Omnichain Payout Limit Constraints

Note: This applies to projects using payout limits (standard Juicebox projects with treasury distributions). Revnets don't use payout limits - they use unlimited surplus allowances for loans via REVLoans, so this limitation doesn't affect them.

The Problem

Payout limits in Juicebox V5 are per-chain, not aggregate.

When you deploy an omnichain project (linked via Suckers), each chain has its own independent payout limit. Setting a 10 ETH payout limit on a 5-chain project means you could potentially pay out 50 ETH total (10 ETH × 5 chains), not 10 ETH total.

┌─────────────────────────────────────────────────────────────────────┐
│  Omnichain Project with 10 ETH "Payout Limit"                       │
│                                                                     │
│  Chain 1 (Ethereum):  Limit = 10 ETH  →  Can pay out 10 ETH        │
│  Chain 2 (Optimism):  Limit = 10 ETH  →  Can pay out 10 ETH        │
│  Chain 3 (Base):      Limit = 10 ETH  →  Can pay out 10 ETH        │
│  Chain 4 (Arbitrum):  Limit = 10 ETH  →  Can pay out 10 ETH        │
│                                          ─────────────────         │
│                                          TOTAL: 40 ETH possible    │
│                                                                     │
│  User expectation: 10 ETH max                                       │
│  Reality: 40 ETH max                                                │
└─────────────────────────────────────────────────────────────────────┘

Why This Is Fundamentally Hard

Cross-chain state is asynchronous. There is no atomic way to know the aggregate raised/paid across all chains in real-time.

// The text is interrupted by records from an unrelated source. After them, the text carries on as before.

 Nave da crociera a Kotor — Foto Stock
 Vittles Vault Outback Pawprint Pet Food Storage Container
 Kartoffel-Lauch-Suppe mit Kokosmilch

Any solution that coordinates cross-chain state introduces:

• Latency: Not real-time (seconds to minutes of delay)
• Trust assumptions: Who runs the oracle? Who can manipulate it?
• Manipulation windows: Attackers can exploit sync delays
• Gas costs: Cross-chain messaging is expensive
• Complexity: More moving parts = more failure modes

This is not a bug in Juicebox - it's a fundamental property of multi-chain systems.

Approaches

Approach 1: Accept & Design Around It

Best for: Projects where approximate limits are acceptable

Set per-chain limits that sum to your target, accepting that distribution may not match expectations.

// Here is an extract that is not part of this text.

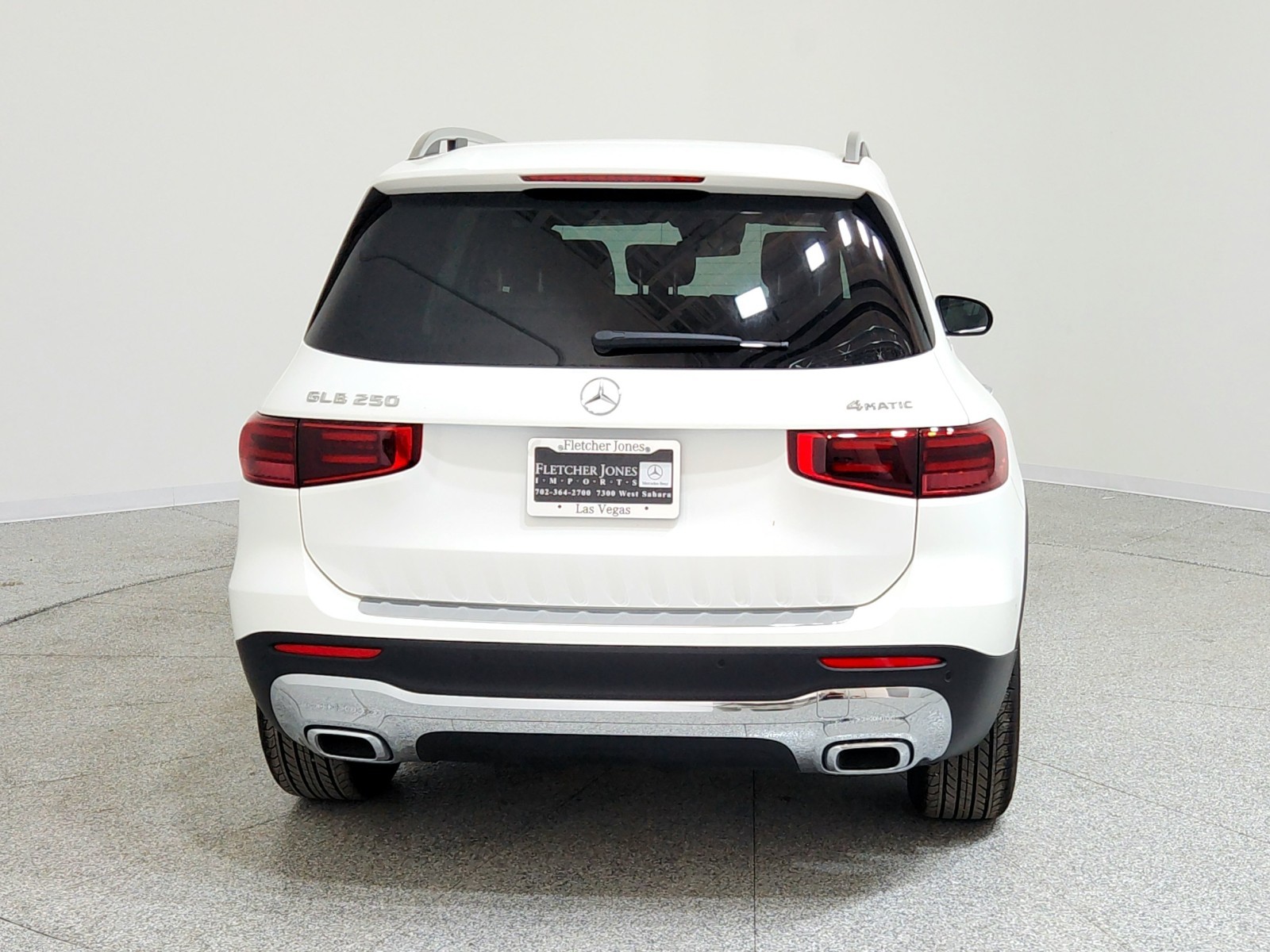 2025 Mercedes-Benz GLB 250 Image 8 of 21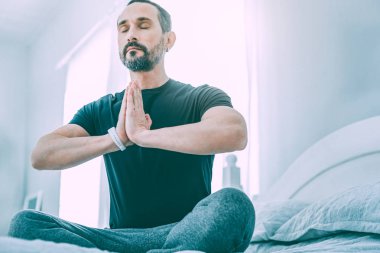 Hafif bir odada meditasyon rahat adam ilham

// Goal: ~100 ETH total across 5 chains
// Strategy: 20 ETH limit per chain

// Each chain's ruleset config:
fundAccessLimitGroups: [{
    terminal: MULTI_TERMINAL,
    token: NATIVE_TOKEN,
    payoutLimits: [{
        amount: 20 ether,  // Per-chain limit
        currency: 1        // ETH
    }],
    surplusAllowances: []
}]

Tradeoffs:

• One chain might hit its limit while others have slack
• Total raised could be less than desired if distribution is uneven
• No coordination required - simplest approach

When to use:

• Soft caps (nice-to-have limits, not hard requirements)
• Projects where ~80-120% of target is acceptable
• Early-stage projects testing omnichain

---

Approach 2: Monitoring + Manual Pause

Best for: Projects with active operators who can respond quickly

Use Bendystraw to monitor aggregate raises, manually pause payments when approaching threshold.

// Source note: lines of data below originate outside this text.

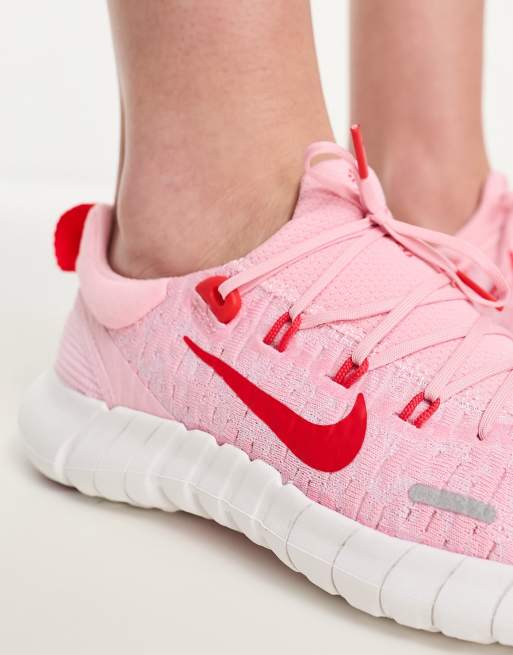 Nike Free Run 5.0 sneakers in pink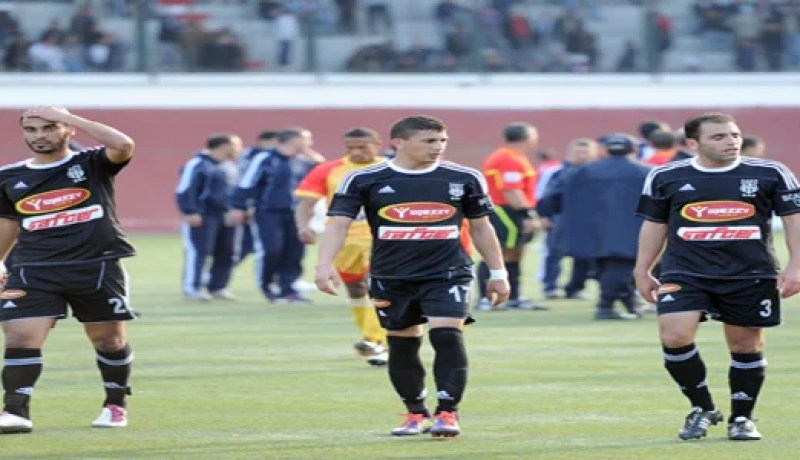 ‬ اتحاد العاصمة‮ ‬يقدّم عرضا للمدرب‮ ‬غيغر والإدارة تتخذ موقف المتفرج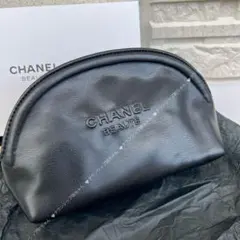 シャネル BEAUTE ノベルティ　ポーチ　ブラック　箱付き正規品のサムネイル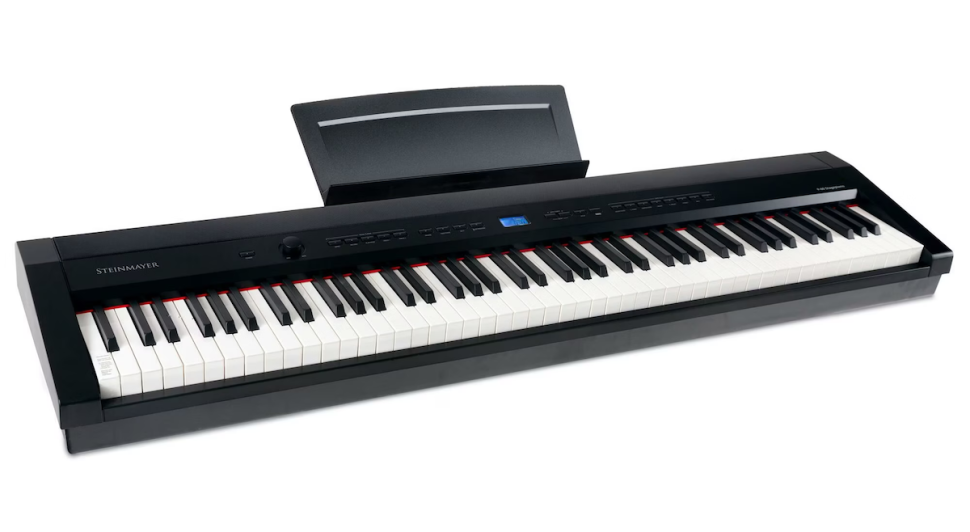 Dieses tragbare P-60 Modell ist erschwingliche Option für die Musiker gedacht, die auf der Bühne auftreten. Es erfügt über 14 Stimmen und eine anschlagdynamische Tastatur mit echter Hammermechanik. 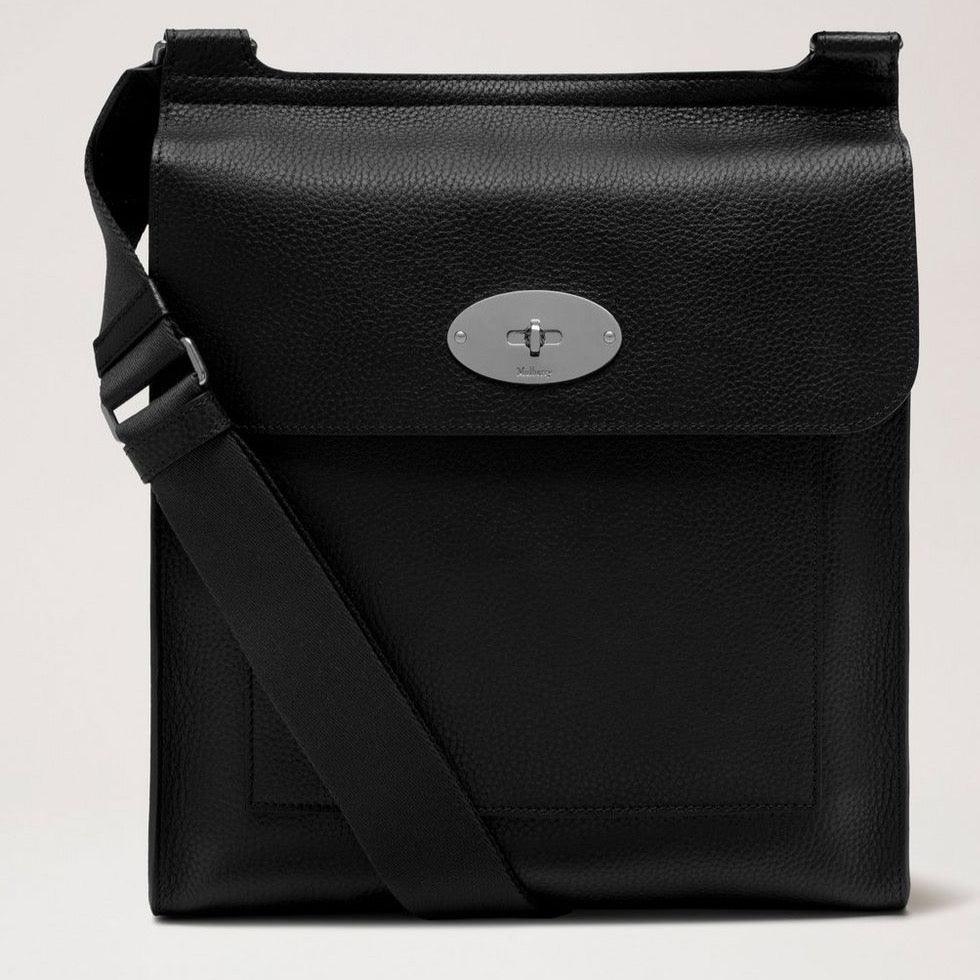 Mulberry Antony Messenger N Small Classic Grain in zwart leer, vooraanzicht met verstelbare riem. ModelHH8606205A100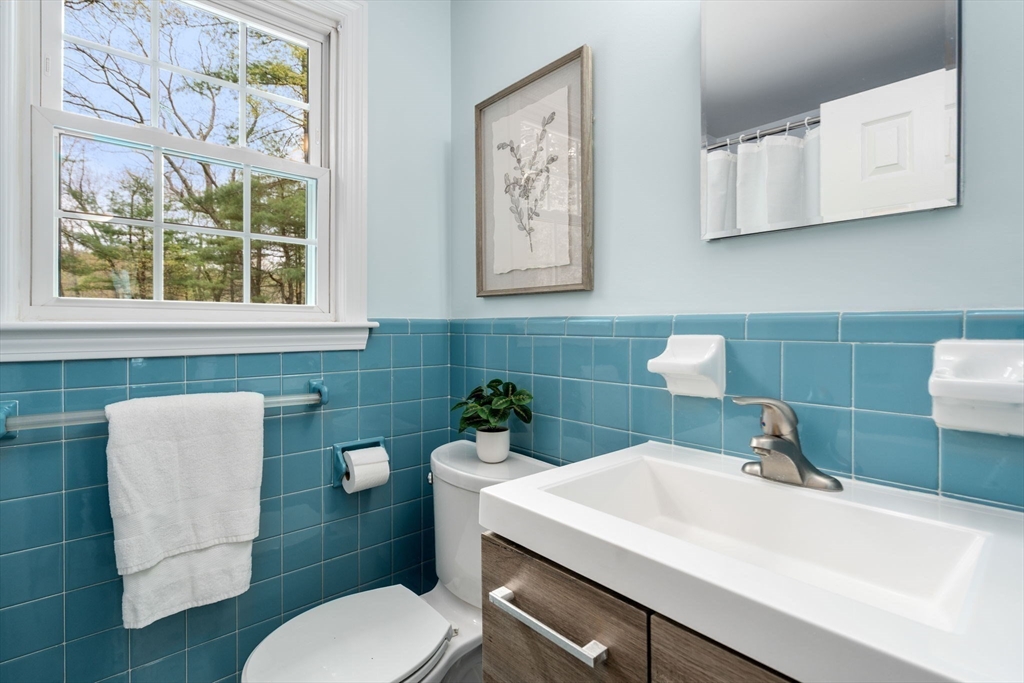 67 Blacksmith Drive, Medfield, MA Photo #20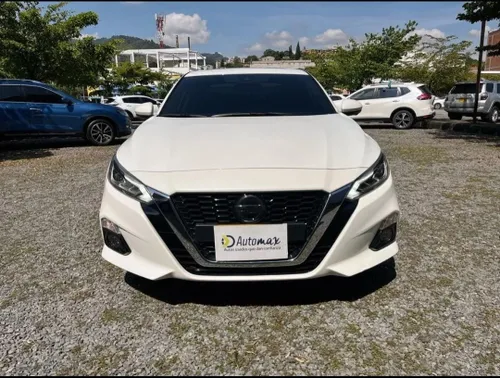 Nissan Altima Exclusive 2020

const BENDYSTRAW_API = 'https://bendystraw.xyz/{API_KEY}/graphql';

// Query aggregate balance across all chains
async function getAggregateBalance(suckerGroupId: string) {
  const query = `
    query($id: String!) {
      suckerGroup(id: $id) {
        balance
        volume
        projects_rel {
          chainId
          balance
        }
      }
    }
  `;

  const data = await fetch(BENDYSTRAW_API, {
    method: 'POST',
    headers: { 'Content-Type': 'application/json' },
    body: JSON.stringify({ query, variables: { id: suckerGroupId } })
  }).then(r => r.json());

  return data.data.suckerGroup;
}

// Monitoring loop
async function monitorAndAlert(suckerGroupId: string, threshold: bigint) {
  const group = await getAggregateBalance(suckerGroupId);
  const balance = BigInt(group.balance);

  if (balance >= threshold * 90n / 100n) {
    // 90% of threshold - send alert
    console.log('ALERT: Approaching threshold, consider pausing');
  }

  if (balance >= threshold) {
    // At threshold - operator should pause
    console.log('THRESHOLD REACHED: Pause payments now');
    // Could trigger notification (email, Telegram, Discord webhook)
  }
}

Manual pause action:

// Project owner calls on each chain
await controller.queueRulesetsOf(projectId, [{
  // ... existing config
  metadata: {
    // ... existing metadata
    pausePay: true  // Disable new payments
  }
}]);

Tradeoffs:

• Requires active monitoring (someone watching)
• Reaction time matters - payments during delay
• Human error risk (forget to pause, pause wrong chain)
• Not suitable for trustless/autonomous projects

When to use:

• Projects with dedicated operators
• Lower stakes where brief overruns are acceptable
• Transitional approach while building automation

---

Approach 3: Automated Cron + Relayr

Best for: Projects wanting automation without full oracle complexity

A cron job monitors aggregate balance via Bendystraw, uses Relayr to pause payments across all chains when threshold approaches.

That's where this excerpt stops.